掠める(読み)カスメル

デジタル大辞泉 「掠める」の意味・読み・例文・類語

かす・める【×掠める】

[動マ下一][文]かす・む[マ下二]
すきをうかがって、すばやく盗む。「財布を―・める」
人の見ていないすきに、こっそり何かをする。「上役の目を―・めてサボる」
すれすれに通り過ぎる。かする。「ツバメ軒先を―・めて飛ぶ」
思いなどがちょっと現れてすぐ消える。よぎる。

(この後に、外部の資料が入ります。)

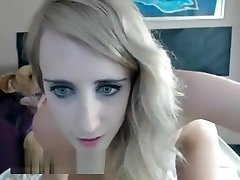 Blue-Eyed Blonde Masturbating Her Shaved Cunt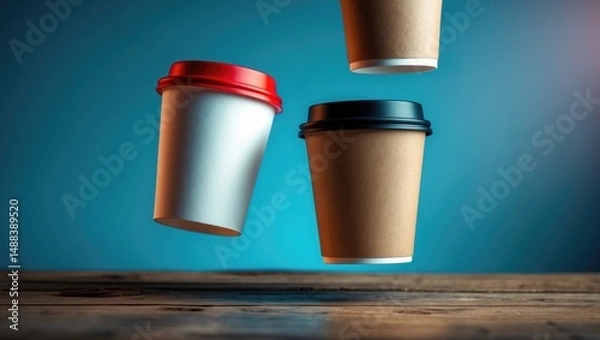 Fototapeta Single-use paper coffee cups in a suspended background. Coffee-to-go theme. Abstract backdrop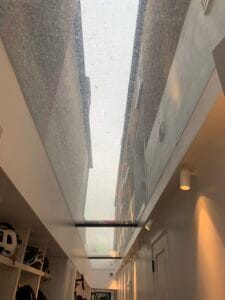 before roof window cleaning showing dirt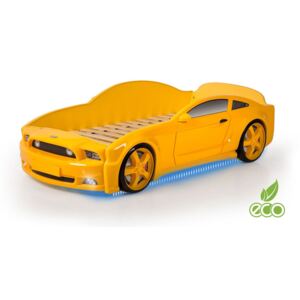 Łóżko samochód MEBELEV MG 3D full, żółty, 51x84x184,5 cm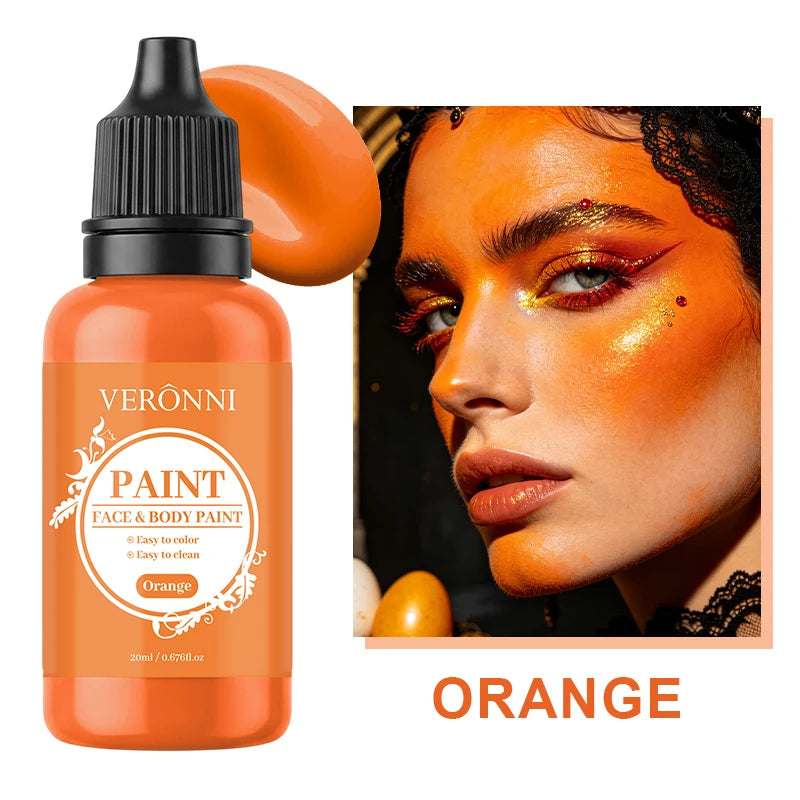 20ml Water Based Face Body Paint Single Bottle Safe Non-toxic For Halloween Party Cosplay Makeup Easy To Wash Off For Kids Adult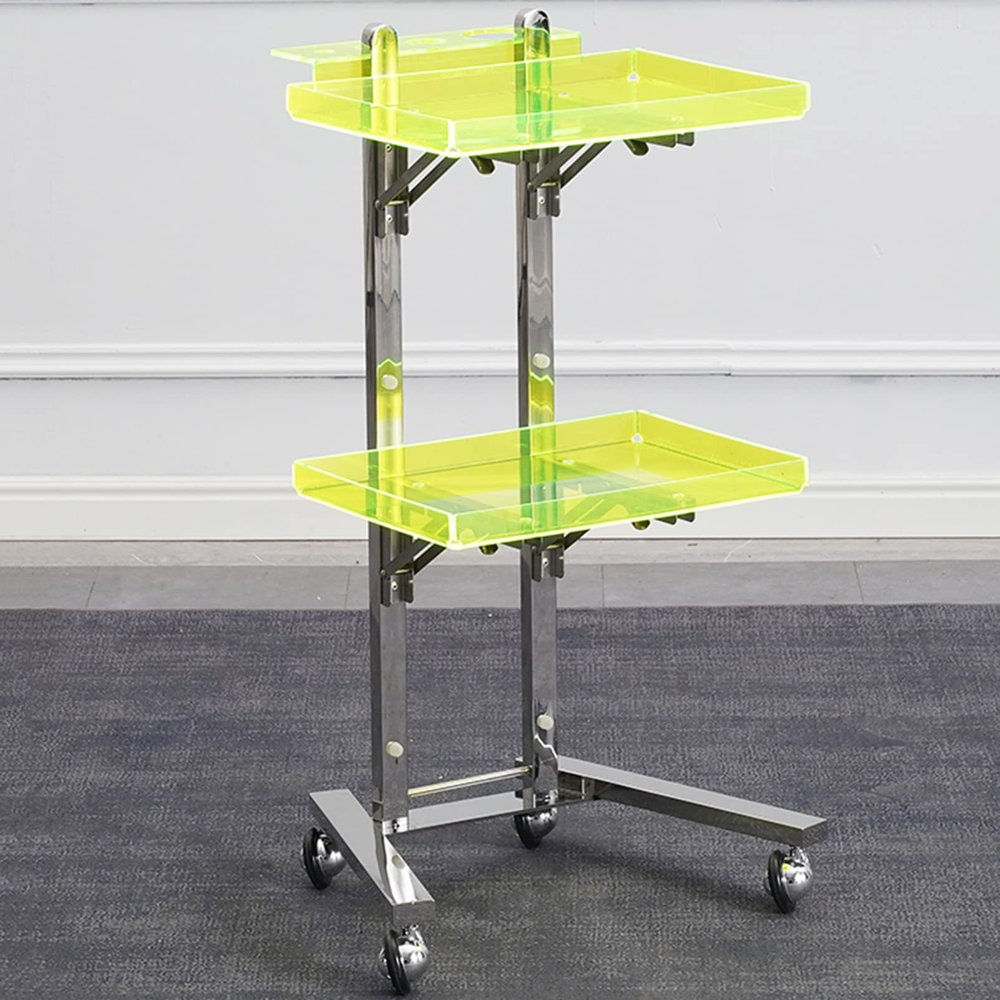 Rolling Salon Tray Cart Barber Trolley, Multifunction Hair Tool Organize Stand with Foldable Storage Tray, Premium Tattoo Service Tray Hair Color Station, Stainless Steel and Acrylic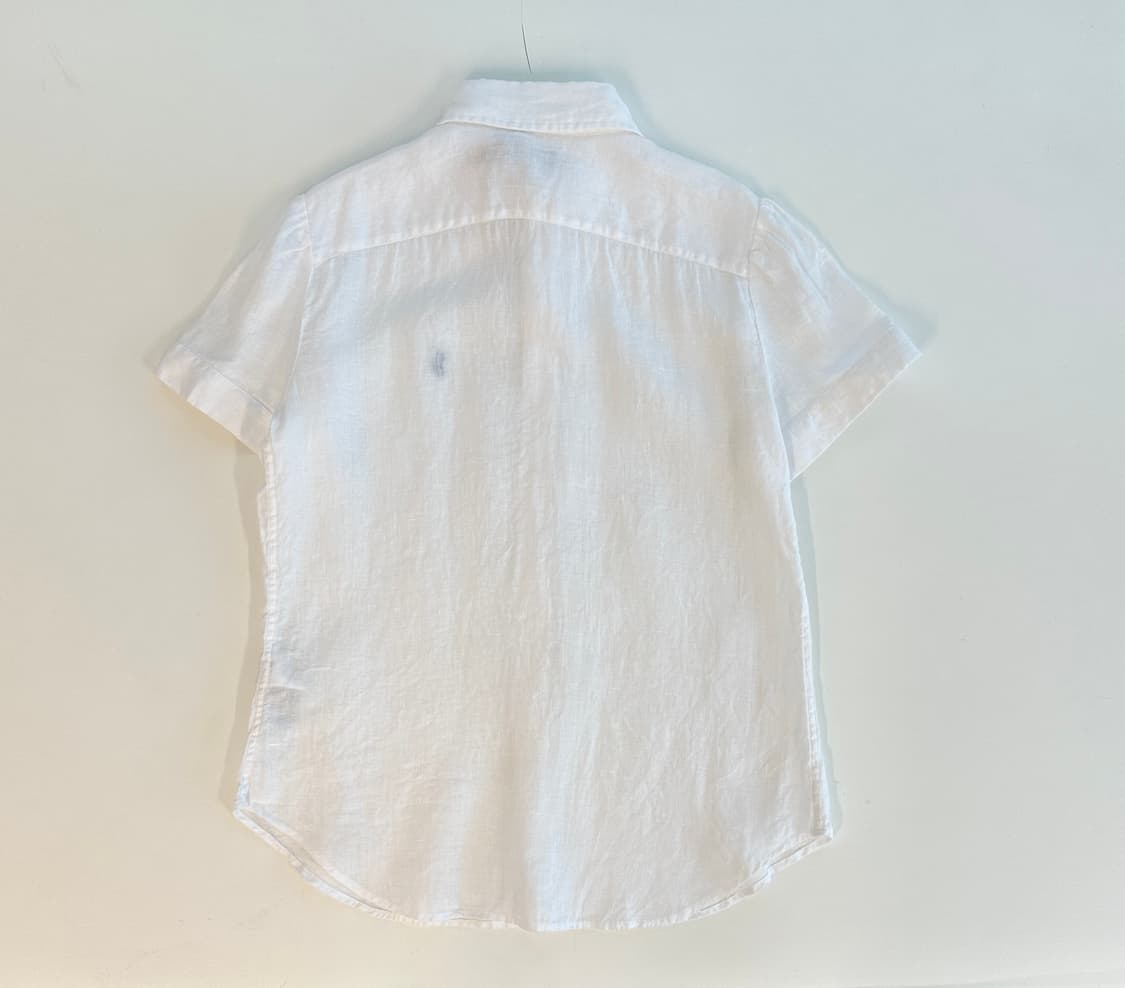 Polo 폴로 랄프로렌 QR현행탭 린넨 화이트 반팔 셔츠 xs 상품이미지4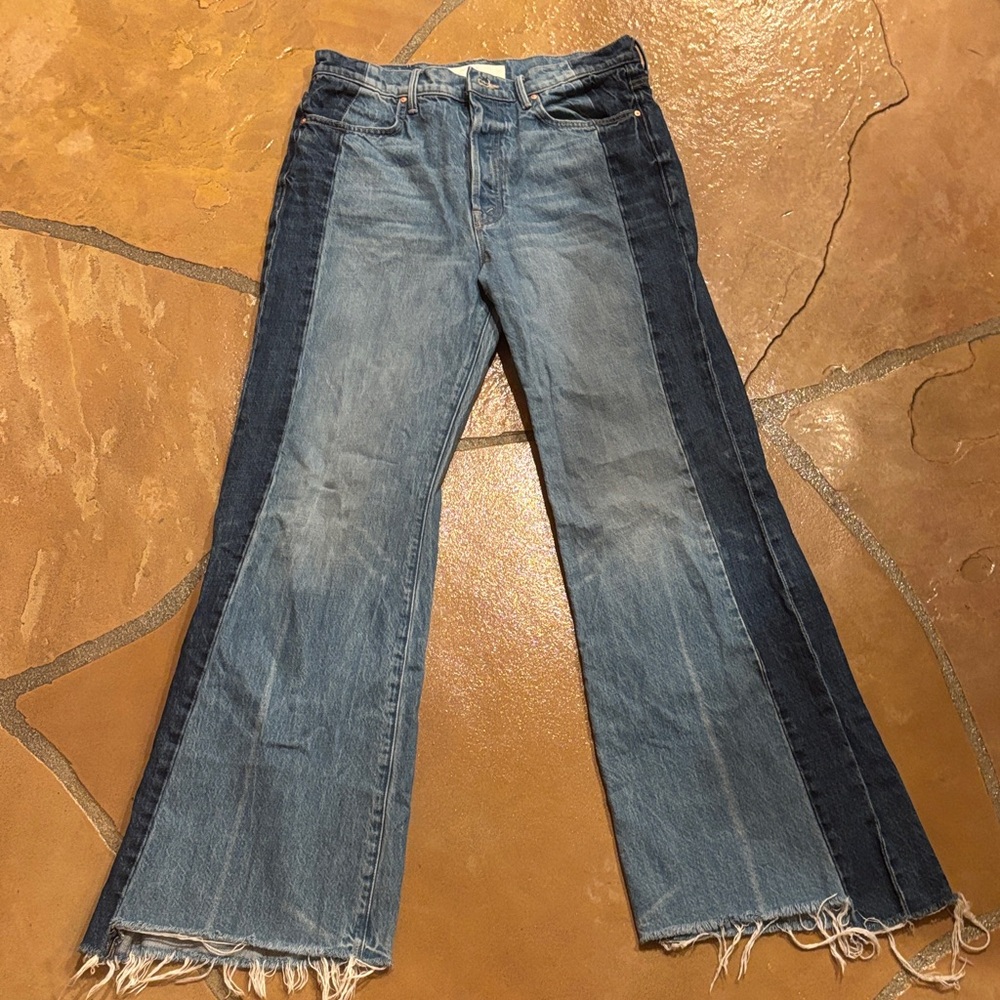 MOTHER The Tux Sidestepper Sneak Fray jeans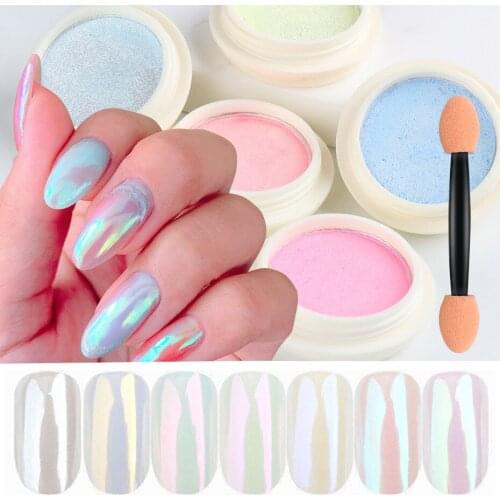 Solid Aurora Chrome Nail Powder Aurora Iridescent Nail Powder Multi Mirror Effect Mermaid Neon Laser Ice Transparent Powder Mani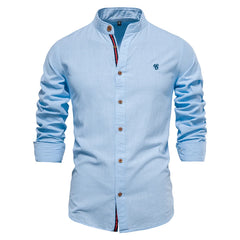 New Spring Summer 100% Cotton Social Shirt Men Solid Color Embroidery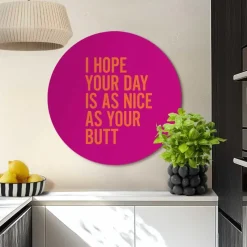 Glasschilderij Have a nice day - Ø 70cm - Roze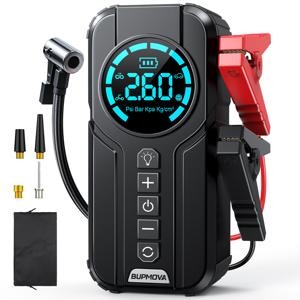 TEMU 150 PSI 에어 컴프레서가 내장된 자동차 점프 스타터, 8000A 피크 전류 자동차 비상 전원 공급원 (10.0L 가솔린/8.0L 디젤), 12V 배터리 부스터, 휴대용 점프선, LCD 디스플레이, LED 조명
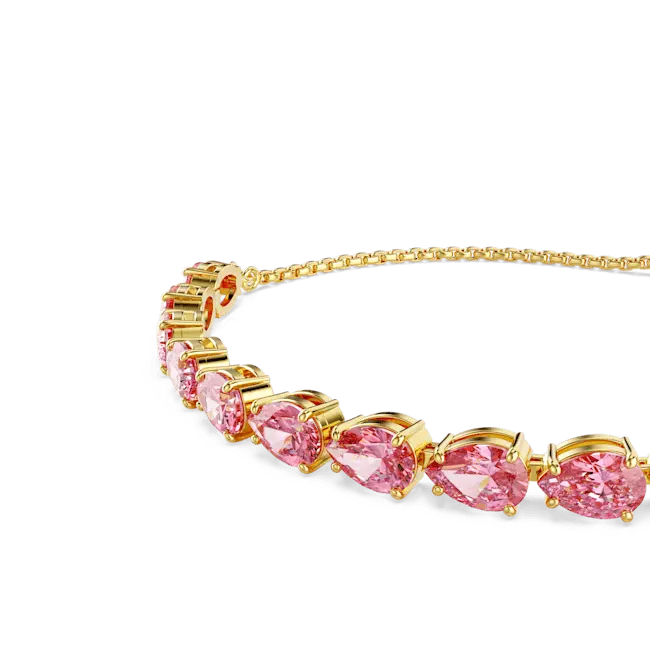 Swarovski Matrix Adjustable Bracelet Pear Cut Pink Gold-Tone Plated - Bluestreak Crystals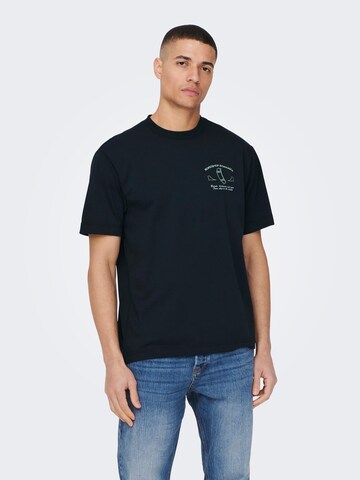 Only & Sons T-Shirt 'Farris Life' in Blau: predná strana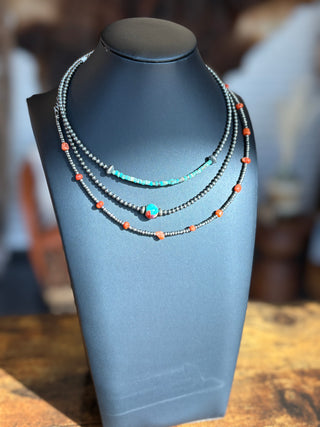 Heishi Turquoise and Sterling Silver Necklace-Necklaces-Bijoux-Motis & Co Boutique, Women's Fashion Boutique in Carthage, Missouri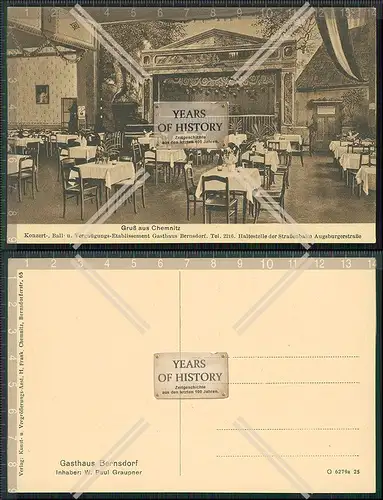 AK Chemnitz Sachsen Gasthaus Gasthof Bernsdorf Augsburger Straße 1913 Inhaber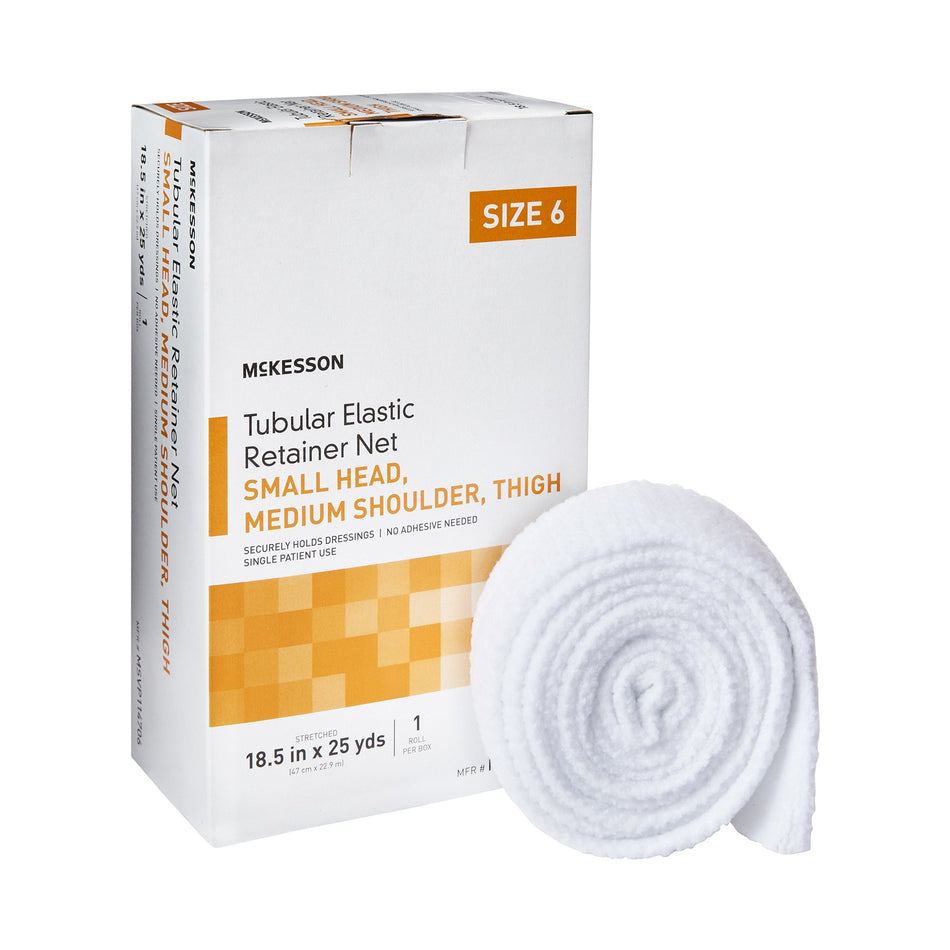 McKesson Tubular Bandage, Small Head, Medium Shoulder, Thigh, 18-1/2 inch X 25 yards, Size 6-Elastic Net Retainer Dressing McKesson Tubular Elastic 18-1/2 Inch X 25 Yard (47 cm X 22.9 m) Size 6 White Small Head / Medium Shoulder / Thigh NonSterile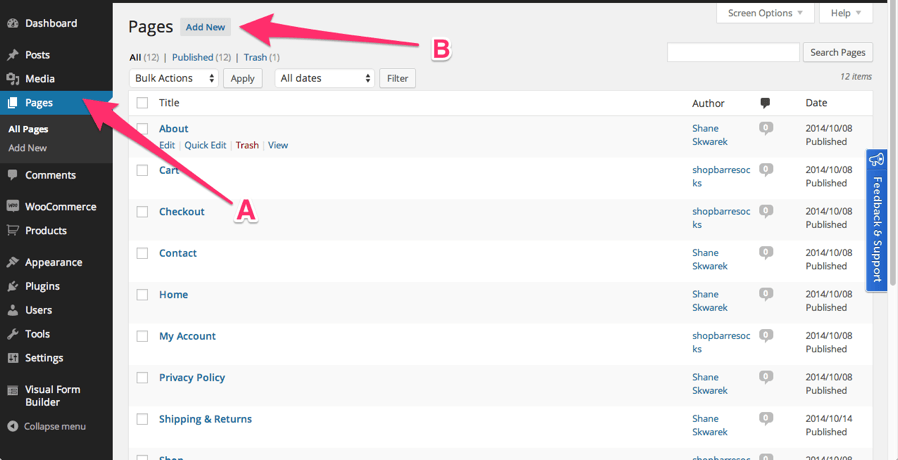 Adding a Page on WordPress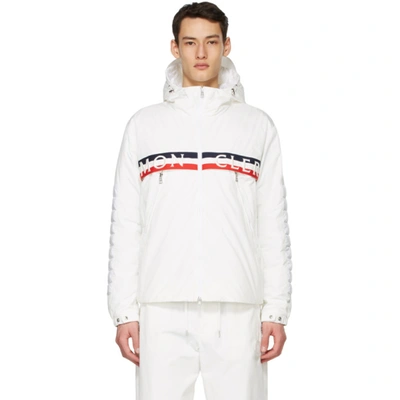 Shop Moncler White Down Olargues Jacket In 034 White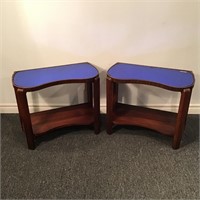 PAIR DECO PEANUT SHAPED SIDE TABLE BLUE GLASS TOP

「不安が脳裏を―・める」
ほのめかす。
あらはに言ひなさで、―・め愁へ給ふ」〈東屋
[類語](1分捕るかっ払う盗む取る盗み取る掠め取る手を掛ける盗み窃盗盗用/(4よぎる横切るちらつくかする通る

出典 小学館デジタル大辞泉について 情報 | 凡例

精選版 日本国語大辞典 「掠める」の意味・読み・例文・類語

かす・める【掠】

  1. 〘 他動詞 マ行下一段活用 〙
    [ 文語形 ]かす・む 〘 他動詞 マ行下二段活用 〙
  2. 盗む。奪い取る。他人の物を取って我が物にする。
    1. [初出の実例]「是に由りて唐人、其の南の堺を略(カスムル)こと得ず」(出典:日本書紀(720)天智元年三月(北野本訓))
  3. 人の見ていないすきに取る。
    1. [初出の実例]「生協や本屋からかすめてきた書籍の」(出典:半チョッパリ(1971)〈李恢成〉五)
  4. はっきり見えなくする。ぼかす。また、人の見ていないところで事をする。ごまかす。
    1. [初出の実例]「黒煙天を掠(カスメ)たり」(出典:太平記(14C後)一〇)
    2. 「人の目を掠(カス)めたり」(出典:人情本・閑情末摘花(1839‐41)初)
  5. ほのめかす。におわす。あてこすりをする。諷(ふう)する。
    1. [初出の実例]「『うとくおぼいたる事』などうちかすめ、恨みなどするに」(出典:枕草子(10C終)三六)
  6. ( の動作が、速く行なわれるところから、鳥などの水に触れて飛び去るさまをいい、さらに転じて ) 今にも触れそうにして通り過ぎる。すれすれに通る。かする。
    1. [初出の実例]「魂は身をもかすめずほのかにて君まじりなば何にかはせむ」(出典:篁物語(12C後か))
  7. 意識の上に瞬間的に浮かんですぐ消える。
    1. [初出の実例]「彼の頭を掠(カス)めた疑問が」(出典:闘牛(1949)〈井上靖〉)
  8. 人に迷惑をかける。
    1. [初出の実例]「かすめる 鹿島辺にて、人を迷惑さするを云ふ」(出典:新編常陸国誌(1818‐30頃か)方言)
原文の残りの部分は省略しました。